---------- RECORDED INFORMATION ----------
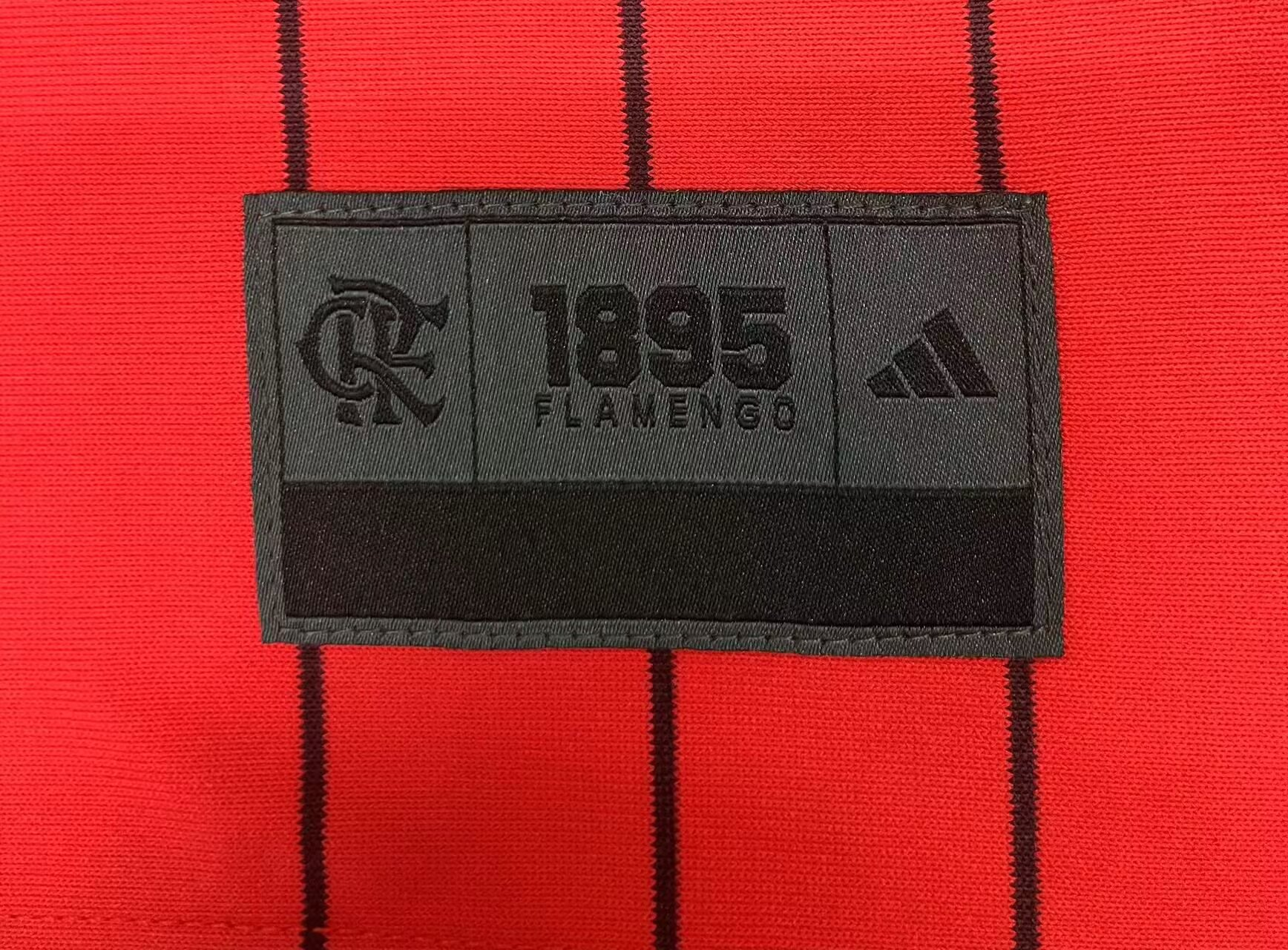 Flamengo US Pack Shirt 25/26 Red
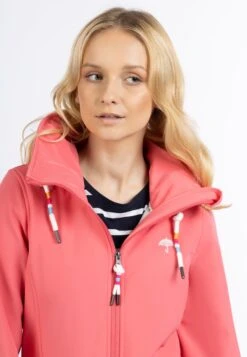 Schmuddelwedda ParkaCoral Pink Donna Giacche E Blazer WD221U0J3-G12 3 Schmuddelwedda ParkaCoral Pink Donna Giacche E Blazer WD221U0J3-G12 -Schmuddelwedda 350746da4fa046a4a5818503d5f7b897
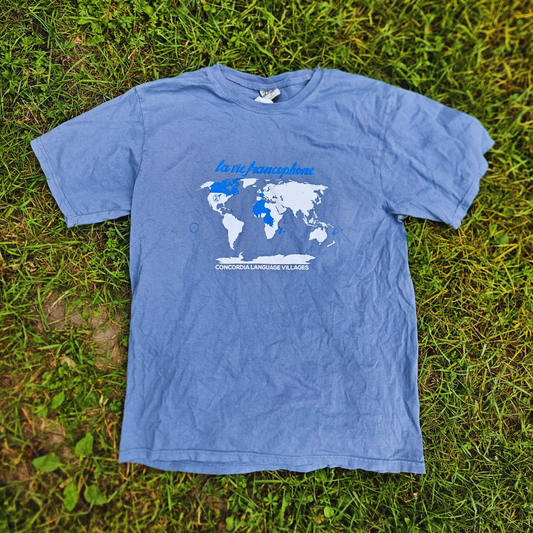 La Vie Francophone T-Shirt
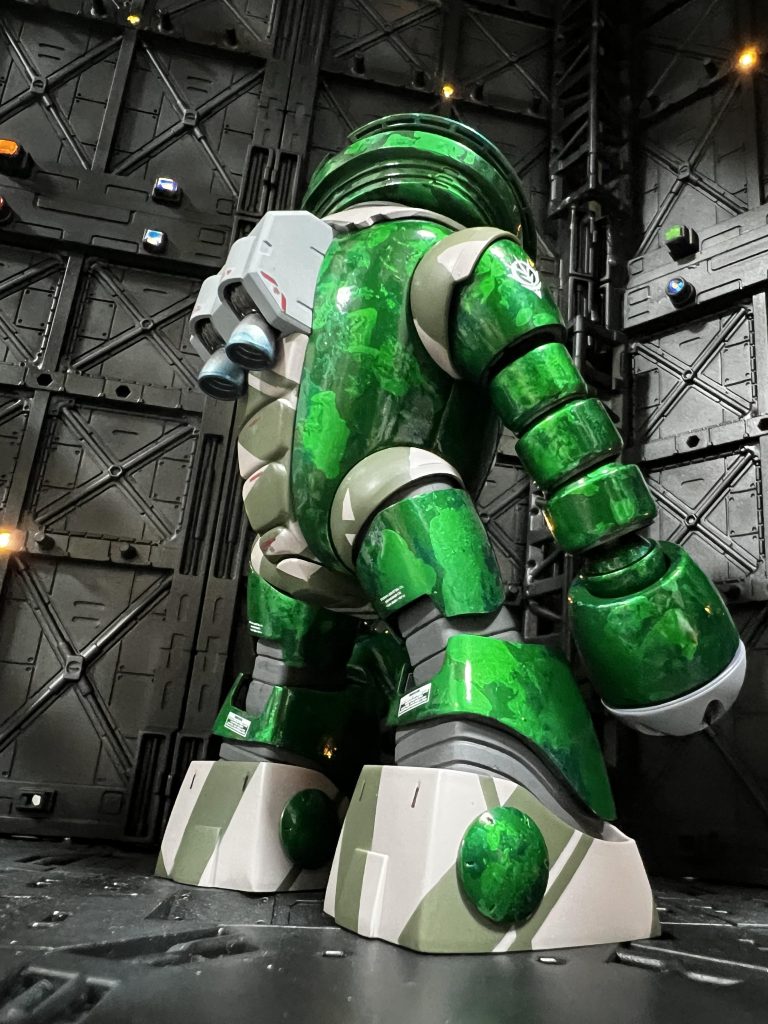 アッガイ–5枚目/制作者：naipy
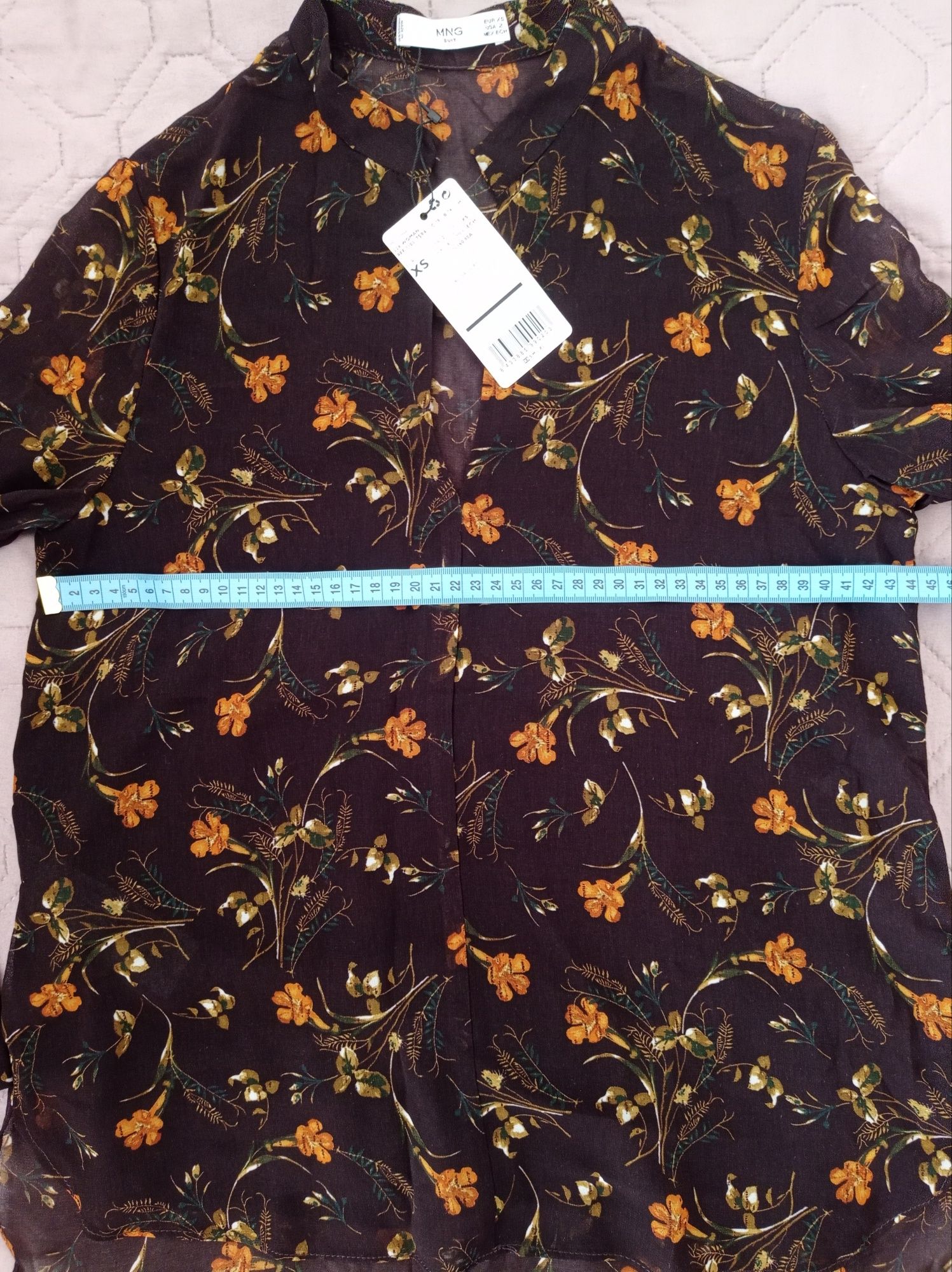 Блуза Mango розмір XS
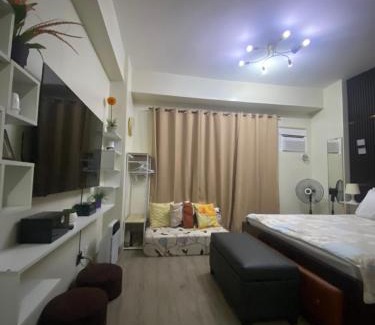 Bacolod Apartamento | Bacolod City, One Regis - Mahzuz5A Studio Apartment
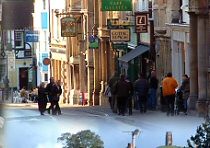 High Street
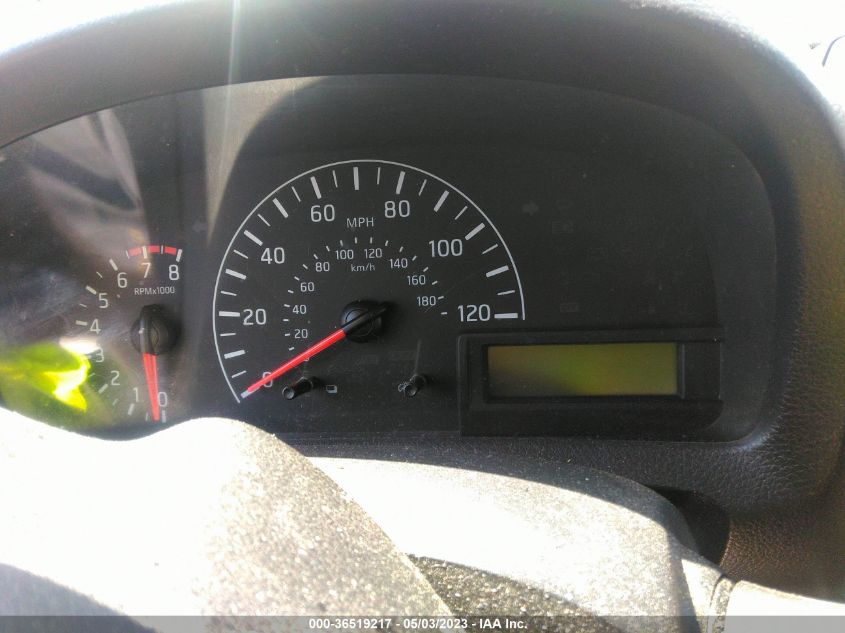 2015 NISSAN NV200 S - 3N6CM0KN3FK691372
----------
- TASK REQUIREMENTS -
Could each line of the data be written out exactly, with no pictures included?

- ANSWER TO THE PROBLEM -
 Flamengo US Pack Shirt 25/26 Red
 Schmuddelwedda ParkaCoral Pink Donna Giacche E Blazer WD221U0J3-G12 3 Schmuddelwedda ParkaCoral Pink Donna Giacche E Blazer WD221U0J3-G12 -Schmuddelwedda 350746da4fa046a4a5818503d5f7b897
 La Vie Francophone T-Shirt
 アッガイ–5枚目/制作者：naipy
 Блуза Mango розмір XS
 Bacolod Apartamento | Bacolod City, One Regis - Mahzuz5A Studio Apartment
 High Street
 2015 NISSAN NV200 S - 3N6CM0KN3FK691372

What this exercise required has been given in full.